#### Stored dataset items
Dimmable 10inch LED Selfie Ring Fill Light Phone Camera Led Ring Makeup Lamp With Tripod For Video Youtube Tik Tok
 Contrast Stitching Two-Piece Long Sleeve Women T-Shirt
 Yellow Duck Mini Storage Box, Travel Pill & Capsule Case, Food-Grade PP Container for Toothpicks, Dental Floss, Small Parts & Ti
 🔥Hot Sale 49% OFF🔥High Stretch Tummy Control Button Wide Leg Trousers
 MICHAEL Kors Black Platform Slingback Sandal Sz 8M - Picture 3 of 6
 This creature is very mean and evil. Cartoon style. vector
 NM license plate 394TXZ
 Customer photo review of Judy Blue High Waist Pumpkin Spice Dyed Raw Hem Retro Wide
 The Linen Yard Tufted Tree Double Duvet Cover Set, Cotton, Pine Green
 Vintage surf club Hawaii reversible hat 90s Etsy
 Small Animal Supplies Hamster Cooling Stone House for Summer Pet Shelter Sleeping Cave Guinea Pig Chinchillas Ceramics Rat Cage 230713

#### WHAT IS NEEDED
In the records above, locate every line with the string "Wide" and copy it.

#### ANSWER BOX
 🔥Hot Sale 49% OFF🔥High Stretch Tummy Control Button Wide Leg Trousers
 Customer photo review of Judy Blue High Waist Pumpkin Spice Dyed Raw Hem Retro Wide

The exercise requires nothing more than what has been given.